EDF! EDF! EDF! There is one central thing you need to know about Earth Defence Force: it is not what people have come to believe they want from a videogame. Graphically it's last-generation, the animations are like watching stop-motion puppetry, the voicework sounds like extras from Baywatch reading the script of an Ed Wood movie, and the monsters appear to be based upon stock photography of insects.
It is, however, the answer to why we started playing videogames in the first place, all those years and all those consoles ago. It is the grand, raw, silly joy of pressing buttons and watching crazy, fantastical stuff happen on the screen in response. For whatever reason - accident, design or budgetary restrictions - it isn't a whole lot more than that. It doesn't need to be. You press a button and a building explodes. You press a button and a dozen giant ants are hurled into the air. You press a button and you ride a speeder bike over the head of a giant robot with laserguns for arms. That is why we play videogames.
EDF: not, in fact, a gas company, but rather the Earth Defence Force, humankind's last, best protection against an invading alien force. Not that they seem entirely sure it is an invasion - they immediately nickname the shiny spheres that appear in the skies 'The Ravagers', and then wonder if they come in peace. A self-fulfilling prophecy, really. The dialogue is hilariously broken and inappropriate, but it adds beautifully to the general B-movie air. "A bug! A very huge bug!"
And very huge bugs they really are - tank-sized ants, shed-sized spiders... It'd genuinely be a little creepy, if only there weren't so many of them on-screen at once that it plunges into happy absurdity. Armed with a rocket or grenade launcher, you murder them in their dozens, strangely undamaged, unwobbling corpses flying skywards and landing as temporary, chitinous mountains. It's low-tech for sure, but the scale and butchery of it looks incredible. EDF was met with a sour reaction by many gamers, and frankly it's baffling that they didn't find this simple act of comical carnage endlessly satisfying.
Equally crucial to EDF's towering achievement is the Police Academy-esque incompetence and total disregard for anyone else of the player-character. Boom! Oops, there goes that bridge. Kapow! Gosh, hope no-one was still in that tower block. Kerrrash! Oh come on, there was no way I wasn't going to shoot that massive radio tower. If it's a building, it can be destroyed. No-one will ever tell you off for it, no points will be deducted and, frankly, nothing will have been achieved - except the pure glee of meaningless destruction. It'd be an entirely different game if there civilians in them, but save for you, perhaps your co-op buddy, the Ravagers and some comically inept AI EDFers (who can also be casually murdered without consequence), the Earth you're so forcefully defending is a ghost-world.
Maybe it's just one more reflection of the game's apparent quick'n'dirty development style, which so successfully priorities excess over finesse, but I like to think everyone's already been evacuated, and you've been given a mandate to stop the aliens at all costs.
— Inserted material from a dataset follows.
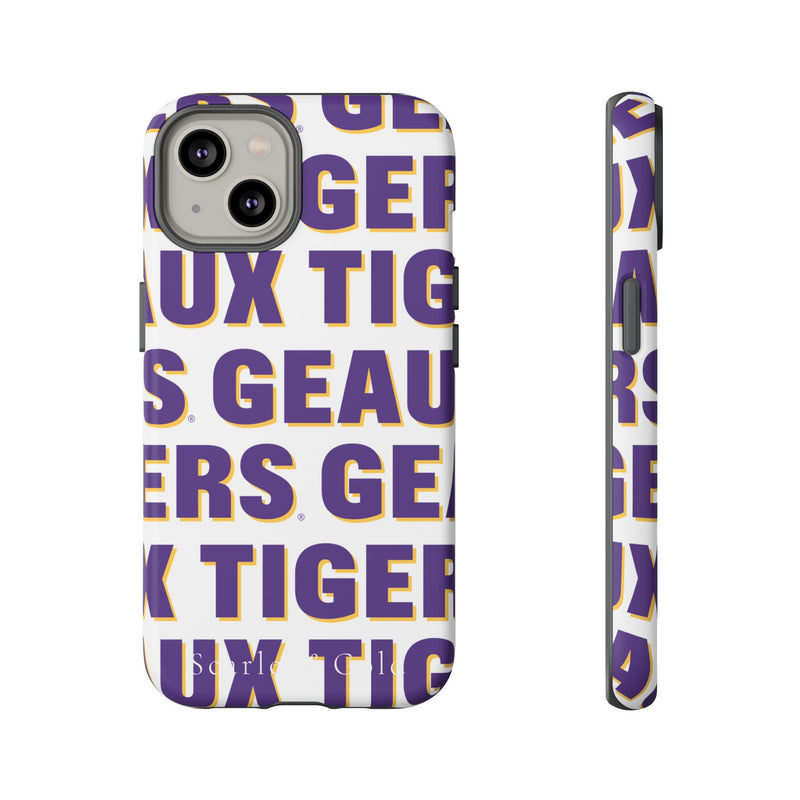 The Geaux Tigers Repeat | Phone Case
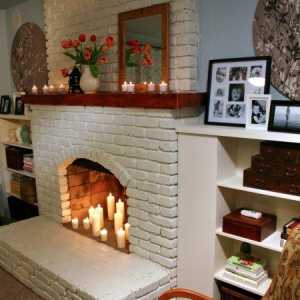 Уютна атмосфера може да се създаде с помощта на камина в апартамента със собствени ръце от…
Architecture doesn't matter - only killing insects and robots matters. So, you might as well nobble a few skyscrapers while you've got that rocket launcher on you anyway. Perks of the job and all that. No-one gets hurt, so millions of pounds' of property damage feels like jolly hijinks rather than the sadistic brutality it could have been. Your rocket's launchers not just for killing ants: it's for creating your own festival of destruction.
Ah, those weapons. They escalate in power and ludicrousness as you play through the game, picking up drops from slain aliens. They make this much sense: none. A simple machinegun can take down an army of flying robots that have apparently just destroyed humanity's entire air force. A hand grenade somehow packs enough power for a 100-foot blast radius of insta-death into something the size of a kitten's head. A missile launcher the size of a large dog, but somehow light enough to carry in one hand, can fire eight homing rockets at once. Oh, and ammo is infinite. Go figure. EDF isn't interested in giving any answers - just shut up and shoot stuff.
EDF has giant insects, giant robots, really giant robots and mecha-Godzilla. EDF has a mammoth death toll, and weapons that can level buildings. EDF is made of 10-minute missions that are positively built for drunken co-op fun. So why wasn't EDF absolutely huge? When brown shooter after brown shooter is released to rapturous acclaim and insane sales, a colourful, explosion-packed videogame that is all about the joy of videogames should have stuck out like a sore ant-thumb.
Blame the lack of a decent marketing effort. Blame the failure of much of the games press at the time to afford it the same degree of coverage as Shooting Men In Brown In A Brown World IV. Blame the lack of online multiplayer and Achievements. Blame the spiteful forum-whinging about the graphics and the lack of a crouch button. Blame an endemic attitude throughout games culture that rewards the familiar but ignores novelty. And now it's out of print. In a right and just world, this would be re-released on Xbox Live Arcade for a budget price, and it'd take over the world. Then we'd get a sequel with Live support and incredi-graphics. It won't happen, of course. EDF's ship has sailed, leaving only faint echoes of its enthusiasts occasionally passing across the internet.
You press a button and a building explodes. EDF! EDF! EDF!